Wendi McGowan-Ellis 14:04
Right. Then the other reflection questions that are outlined in the book and the activity are also powerful. The three that specifically deal with the other people in your life always makes me stop and go much deeper to consider the impact of my priority.
Marsha Clark 14:20
Yeah and I'd like to share those with our listeners as well. So I've made my list. I've looked at it and I'm happy with it. Now if you shared your list with your family, in the case of the personal or your boss and I think it'd be great to share both your personal and your professional with your family and your boss, right, to show the whole person that you are, if you shared your list with them, would they agree that these were your big rocks? Could they see that you were living your life in that way? And and if not, how can you get clarity and alignment with the people in your life? And it again, family, friends, boss, neighbors, church people, whatever it might be, get alignment and clarity. And then the third question is asking yourself, what is the value to your boss, your team and your family or your loved ones if you were to allocate your time and energy to these big rocks. You know, I'm always getting questions asked about, you know, work life balance, work life balance, work life balance. And of course, there's no easy answer to any of that. But, you know, getting ever clearer about what do I get when I spend time, you know, with my family and loved ones? And what is the return? I had a, I was doing a speaking engagement yesterday, and one of the women said that something her mother told her that she still takes with her to this day, is take small, simple moments, and make big memories. And so being present, yes, being really present quality of time, with family. I laughingly say it's not that my family is all in the same room and we're all on our own electronic devices.
Wendi McGowan-Ellis 16:06
Exactly. Just a tiny screen.
Marsha Clark 16:10
Yeah, that is not quality, family time. Quality family time is having conversations, it's interacting in whatever way whether it's games or conversations or, you know, even if you're watching the same movie, having a conversation about the movie, right? Oh, look at that. I mean, whatever all those things are, that's the kind of thing that we when you look at priorities, what is the value of that as a priority?
Wendi McGowan-Ellis 16:31
So I love your quote that I have here, I'm gonna steal it from you. Sure. "If you want to know what someone really values, look at their calendar and look at their checkbook. Those reflect how we spend our money and our time."
Marsha Clark 16:47
And I mean, look at that. I mean, yeah, so that's this part of the if someone were to look at my calendar, what would it tell them about me and what my priorities are? And if somebody looked at where I spent my money, you know, is it if a value is giving back philanthropically to, you know, some nonprofit world that or church or, you know, something in the community, would my checkbook reflect that, and maybe I can't do the check equity, but maybe I can do the sweat equity. And then would my calendar, you know, reflect time where I'm volunteering or doing something timewise to support something that I really believe in, that's a priority and important to me. That's the checkbook and the calendar.
Wendi McGowan-Ellis 17:28
Right.
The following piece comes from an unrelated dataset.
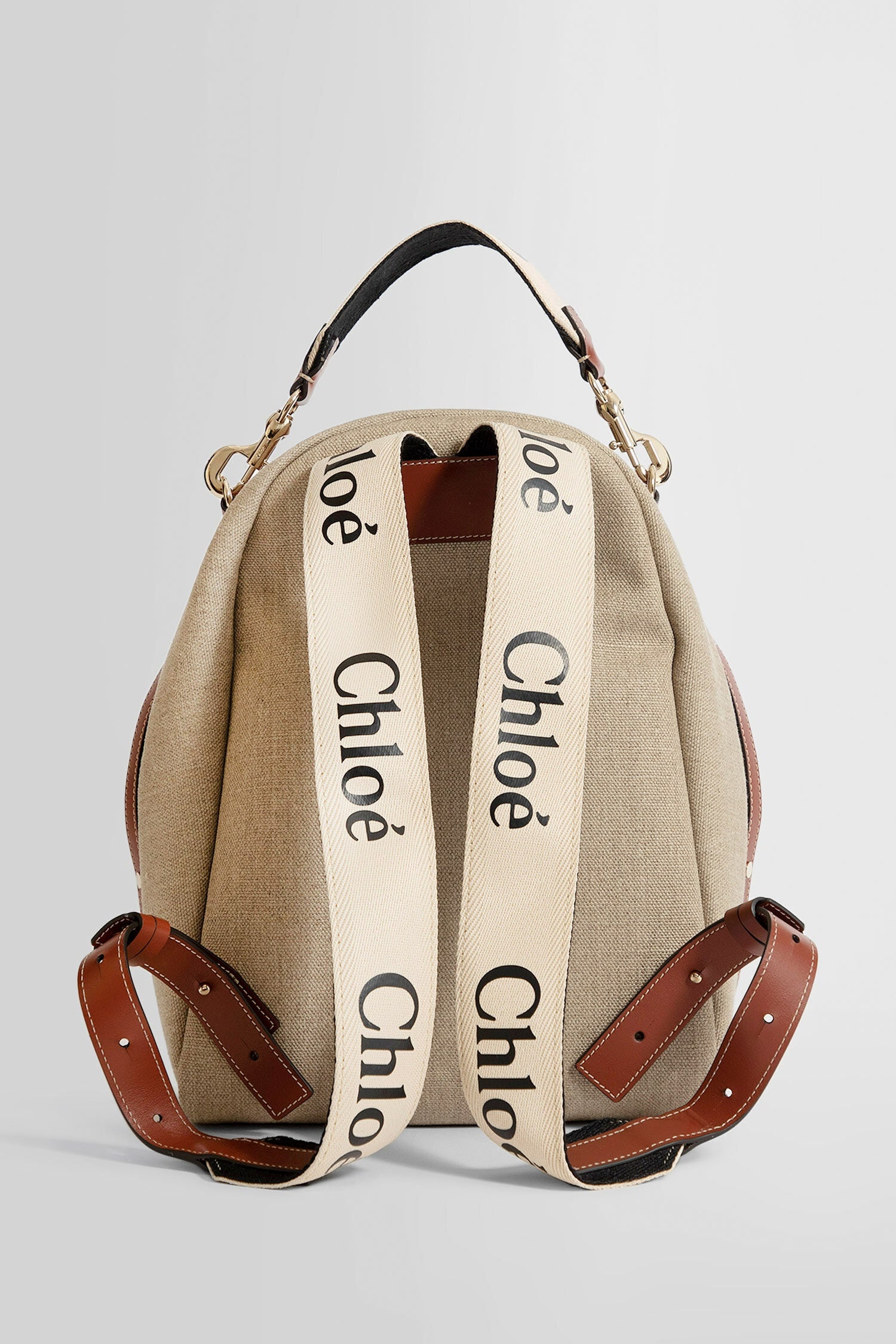 CHLOÉ WOMAN BEIGE BACKPACKS - 3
And there's just another point that I want to make as, as people are doing this and identifying what their big rocks and then their gravel and their sand and their waters are, that this isn't something that you just do once and you set it and forget it because the other people and their priorities and life will get in the way. And so I would just like to offer our listeners that, you know, I take time to look at this on a weekly basis. Is this still a priority for me, because life can shift things around. And so I think it's important that our listeners clarify those questions that aren't intended to think that other people dictate their big rocks. I mean, that's the point. And especially if you come back to it on a consistent basis, then you're making sure that you're staying true to your values.
Marsha Clark 18:23
You know, Wendi, it's not, you know, your big rocks, and me making sure that you get your big rocks done is not at the risk of me not getting my big rocks done. It's not your bigger yes that I'm stepping on, it's my bigger yes. You know, the questions are intended, that we align in all of this to do a couple of things. The first one is basically a reality check and where we're checking in with others closest to me, those who know me best and know my, you know, my routine, if you will, who see me operating on a regular best basis and who could lovingly non judgmentally tell me basically that I'm full of horse hockey when I say X, Y or Z is a priority for me but the reality is that I never do anything to live out that claim. So that's the reason we're talking with others around us, not to wait for them to tell us what ours are. They're holding us accountable for or am I choosing to take actions and do things that support them. And you know, my big rocks, and you know we often add up until now, are a reflection of my lived reality and not my aspiration. So I don't just put them out there and hope and wish I'm gonna go make them happen. So I might say that being healthy or working out or getting sleep or volunteering more or whatever all that is, is a big rock but the reality is that it's a rock that never actually makes it into the jar because the jar is too full of sand and gravel and water. So you know my jar is filled with so many things that I can never quite get to that big rock. And that's where friends, family, boss, loved ones might be able to offer me insight into a blind spot I might have, or maybe just ask me a question. So, I probably told this story on one of our episodes, but I lived close to the EDS headquarters, and we'd be out running errands on a Saturday. And Dale would just say to me in his very dry, witty way when we would drive by the EDS building, he would say, 'Well, look, Marsha, that building is still standing and you're not in it'. And so it was a reminder to me that I didn't have to be at work all the time, I didn't have to be totally consumed. That building was going to be standing whether I was in it or not. Life was gonna go on whether I was working or not. Life was gonna go on whether I got that 13th thing on my to do list done today or not. And we need some of those reminders.
Wendi McGowan-Ellis 20:55
Exactly. And so that's going to reinforce what I'm about to say, which is why it's important to ask for alignment from others about your big rocks. Because if somebody can point out that my priorities are totally out of alignment with what I'm saying are the most important people or activities or things in my life, then I'm either going to have issues with those relationships or my commitment to those what I'm saying are my big rocks will falter and wither away.
Marsha Clark 21:26
Well that's right. And it's the classic story of partners, whether they are life partners or business partners who have competing priorities, right? Because that happens too. Your big rocks aren't my big rocks. And that's why it's important to get clarity around each other's priorities for everyone who has a direct impact and or is impacted by or, and or has an expectation of my time and my energy and the resources I'm willing to put into it. And I also want to add that if you want if you find yourself with competing priorities, here's what I do. And I found it extremely helpful. Ask yourself, What will matter most one year from today. And you know, what I often hear what I'm finding myself, and what I hear from others is that a big rock, if I work on that, you know, versus three sand and gravel and water issues, that big rock is going to be much more memorable. And it's going to have a bigger impact than the gravel or sand item that happens to be on my today's to do list.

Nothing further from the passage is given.